Histogram (5 classes of width 12, starting at 36). Bins 36–48, 48–60, 60–72, 72–84, 84–96, 96–108 have frequencies 4, 5, 6, 5, 4, 1. Shows clearly: the overall shape — roughly symmetric, possibly slightly bimodal with a small upper-end mode. Hides: the exact value of each mark, and any structure finer than 12-mark bins. [1 mark — histogram strength + weakness.]
Box plot. Whiskers at 38 and 99; box from 53.5 to 81 with internal line at 68. Shows clearly: centre (median 68), middle 50% spread (IQR 27.5), the absence of outliers, and roughly symmetric shape (median is close to the centre of the box). Hides: bimodality and individual values — two very different data sets could produce this identical box plot. [1 mark — box plot strength + weakness.]
Stem-and-leaf (key 3 | 8 = 38).
3 | 8
4 | 2 5 8
5 | 0 2 5 8
6 | 0 2 4 6 8
7 | 0 2 4 6 8
8 | 0 2 5 8
9 | 0 2 9
Shows clearly: every individual mark, the central peak in the 60s–70s, and the long-thin upper tail to 99. Hides: nothing critical, but takes up more space than the other two; less compact for a one-page summary. [1 mark — stem-and-leaf strength + weakness.]
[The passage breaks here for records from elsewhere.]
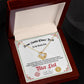Official Nice List - Love Knot Necklace For Her For Christmas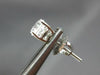 ESTATE 1.0CT DIAMOND 14KT WHITE GOLD 3D CLASSIC ROUND SCREWBACK STUD EARRINGS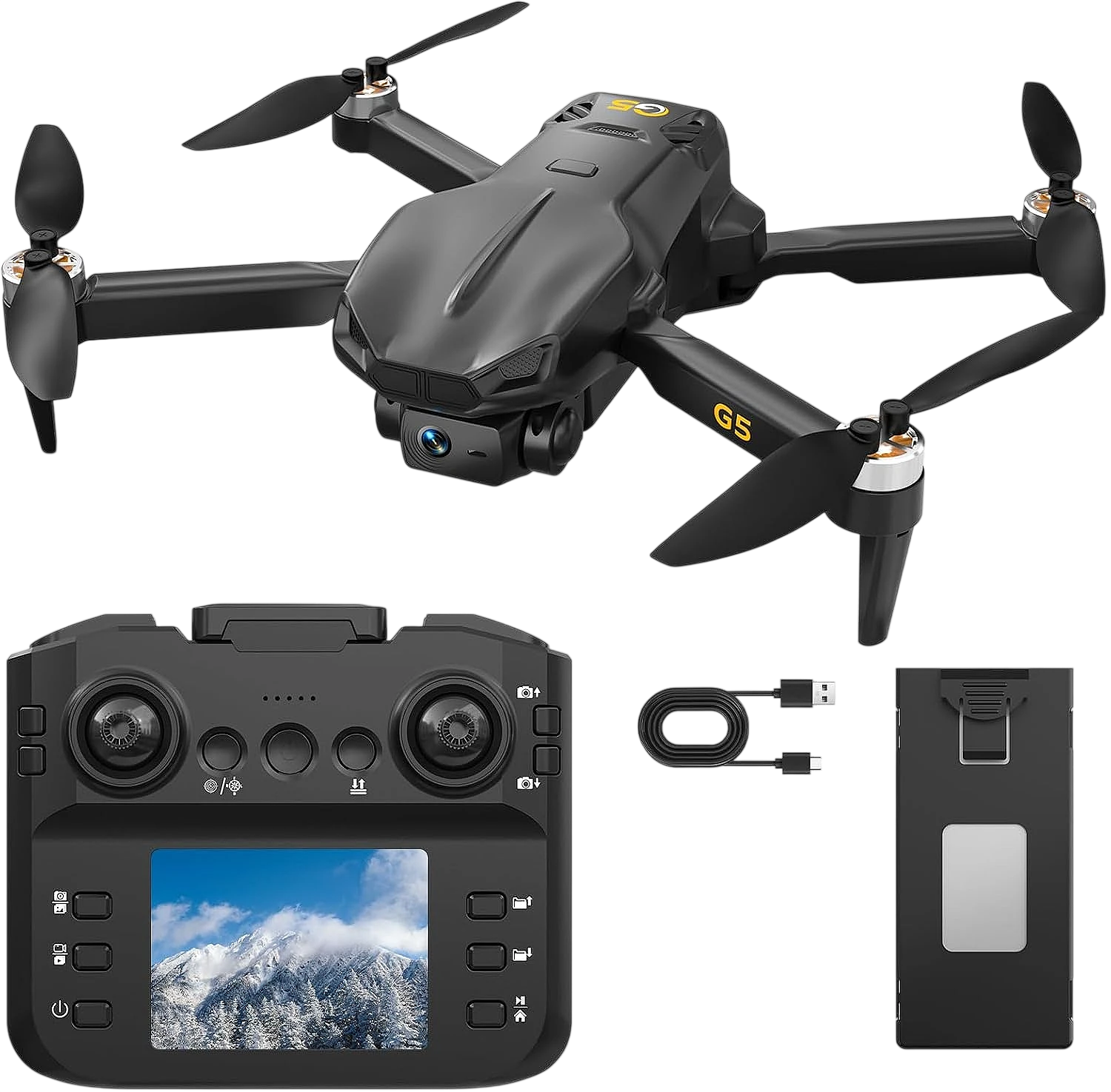 Drone plegable con cámara HD 1080p y pantalla de 2,8 pulgadas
Recommendation. Because "no single representation tells the whole story", I recommend the principal print a box plot for the headline at-a-glance summary plus a small stem-and-leaf in the appendix: the box plot conveys centre and spread instantly, while the stem-and-leaf preserves every value for any teacher who wants to drill into individual marks. With only 25 students the stem-and-leaf remains compact, so this combination loses nothing the histogram would have shown. [1 mark — clear recommendation that explicitly invokes the lesson principle and justifies the pairing.]
Total: 8/8.
Band descriptors for marker.
Band 3: Computes most of (a) and (b) but with arithmetic slips; for (c) names displays without distinguishing strengths from weaknesses. ≈ 3-4 marks.
Band 4: (a) and (b) fully correct; in (c) one strength/weakness per display, but the recommendation is generic and does not invoke the lesson principle. ≈ 5-6 marks.
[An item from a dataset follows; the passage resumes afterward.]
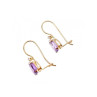 10K YELLOW GOLD TOURMALINE & DIAMOND EARRINGS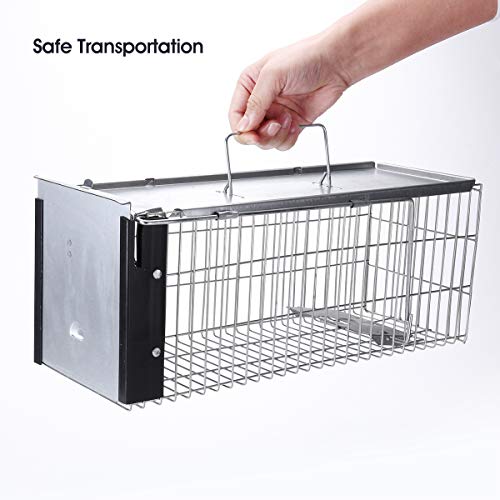 Faicuk Heavy Duty Squirrel Trap Chipmunk Trap and Other Similar-Size Rodents - Thumbnail 6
Band 5: All parts correct; (c) recommends a single display with a complete justification but does not pair displays or quote the principle. ≈ 7 marks.
Band 6: Full computational accuracy in (a) and (b); in (c) clearly states one specific strength and one specific weakness for each display, and concludes with a justified recommendation that explicitly references "no single representation tells the whole story" (or equivalent) and pairs / sequences displays to cover both shape and individual values. 8/8.